Saturday, December 28, 2002

I went dancing tonight with some friends. We went to the gay bar in town. Both the car I came in and the second car that we took got broken into. Earlier in the summer, when I went with friends to this bar, my car was broken into. It pisses me off, because this bar is in the main club area, and yet it has the highest break in rate. And the reason why is because it's a gay bar, and no one who is broken into at this bar wants to claim it at this place, because it would reflect on a part of their identity. So they take their broken into cars to malls and whatnot, other places, and claim the breakin occurred there, so that they won't have to reveal that they were at a gay bar. It's one of the saddest things in the world, to navigate your life around your sexuality. It doesn't happen everywhere, I know. But this is the midwest, in a particularly conservative working class sector of it. And for those of you who live lives in decent places and think this doesn't occur anymore because it doesn't happen in your town, think again. Listen. Because it does. The world isn't right yet, even if it seems right in your own backyard. Things still need to be fought for, to be changed. One of these is for people to not have to feel like they need to hide part of themselves from the rest of the world, be it their sexuality or their skin color or their ethnic heritage or their religion. Anything. For those of you who think the battle is done and over with, it isn't. I live in a place where the war is still on. The fighting elsewhere has subsided, but it doesn't mean that it's over.

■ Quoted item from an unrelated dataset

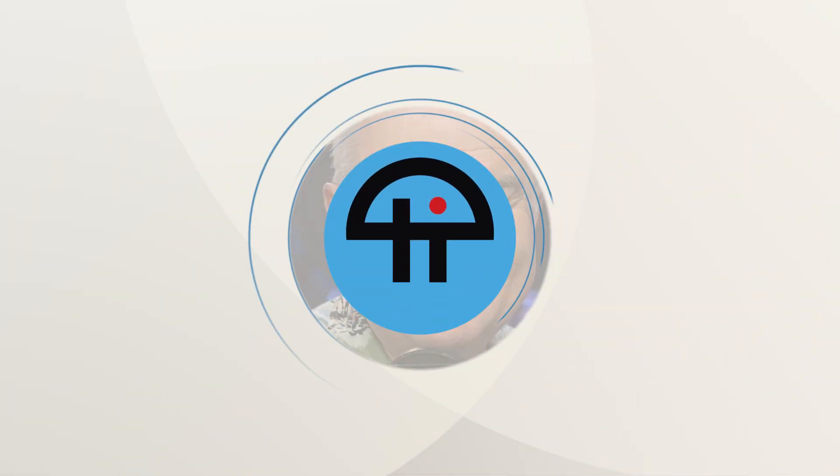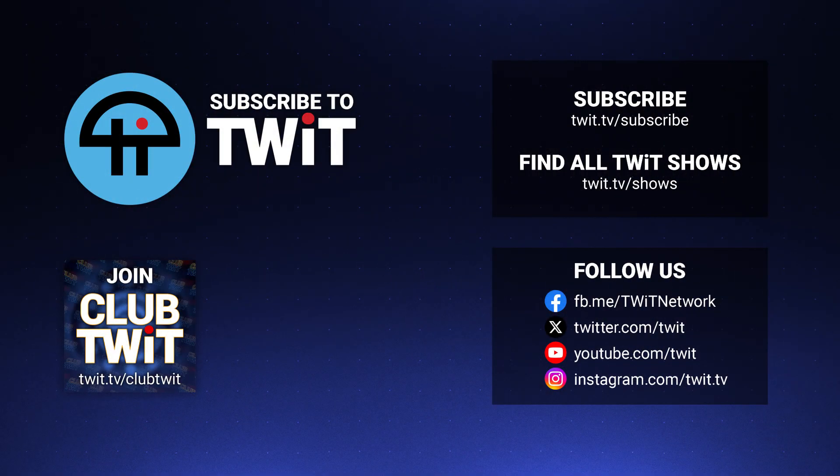They announced something for a phone too — I don't pay attention to that. Hey, I hope you enjoyed this little highlight from a much better and longer show called Windows Weekly. The whole link to the show is right below me. We stream live right here every Wednesday — you can watch us, or download it here or in your favorite podcast player. Like and subscribe. Thanks for watching, we'll see you next time. Bye.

It's disgusting to think a particular group of people will be preyed upon as victims because they will hesitate to reveal some aspect of their identity, this hindering the system which is supposed to support everyone. If we tolerated everyone--No, I hate that word: tolerate. It's not good enough. If we accepted and loved everyone just as they are, then things like this wouldn't have to happen. We would be closer to everyone operating under the same rules that are made for the "normal" people to enjoy.

I'm blathering and pissed off, and wanting to be able to do something about all of this, but I feel so helpless. I hated seeing my gay friends tonight, victims of a crime with a particular angle on it because of who they are. It was one of the saddest things I'd ever witnessed. I don't know if they even know why I was so sad, what I'd seen. It's part of their lives. They're used to its reality.

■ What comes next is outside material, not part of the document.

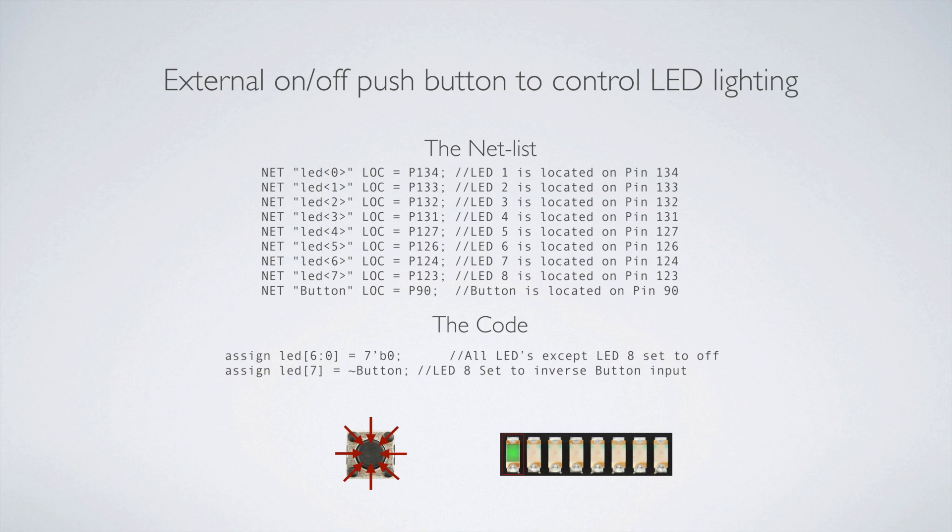There must be a pull-up resistor holding the voltage up, and then you short it to ground. Because it's reverse logic, I reverse that with the tilde — making it a NOT. If you remove the tilde, it's just reversed: not touching the button keeps the light on, and touching the button turns the light off. The button is active low, so there's a resistor holding that line — P90 — up to 3.3 volts.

Which is even worse. No one should be "used" to things of this nature.

Tuesday, December 24, 2002

I'm back from my vacation in Toronto, which was wonderful. Stayed in a really nice hostel in Chinatown, walked all over the city, saw lots of good art at the Ontario Art Gallery, Jackie took many pictures, made friends at a pub with a Canadian couple who took our picture, and was later invited to a hotel party they were throwing the next night, drank good beer, good wine, ate good sushi. Jackie went crazy buying shoes (an obsession of hers, I've discovered). I found a print of a surrealist painting by Dominique Appia that I saw in a poster store about seven years ago, and never saw again until the Ontario Art Gallery, and bought a print of it now instead of losing track of it again. Made me very happy. Discovered the alcohol is very cheaply bought at duty free stores at the border, as well as many other luxury items. All in all, a great vacation. The two of us liked traveling with each other. I even came down with the cold on Saturday and was not found to be an annoying sick person.

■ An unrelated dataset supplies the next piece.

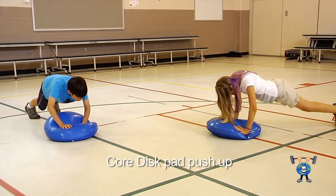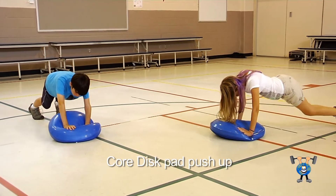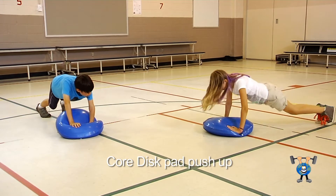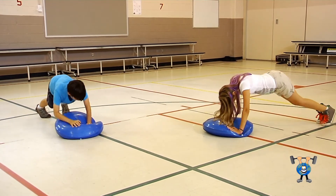The Core Disc Push-Ups is an intermediate upper body exercise that works many different muscle groups, including the chest, arms, and core. It also requires a great amount of balance and strength to maintain form and stability through this exercise.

I crashed all last night and then spent the day trying to buy last minute Christmas items for the family. This year is bad. I'm a poor graduate student instead of a less poor librarian's assistant who had been able to save up some money at that job. So I've had to cut back on spending, which depresses me. I like buying gifts for people, but it's hand to mouth for me at this point. I hate it. I'm finally figuring out that whole wanting to save and plan an economic future thing that people do, because I don't want to have to worry about money forever, like I'm doing now. It sucks. Hopefully next year will be better.

Christmas Eve party with the parents tomorrow upcoming. Much fun.

Have you listened to Norah Jones yet? Do so.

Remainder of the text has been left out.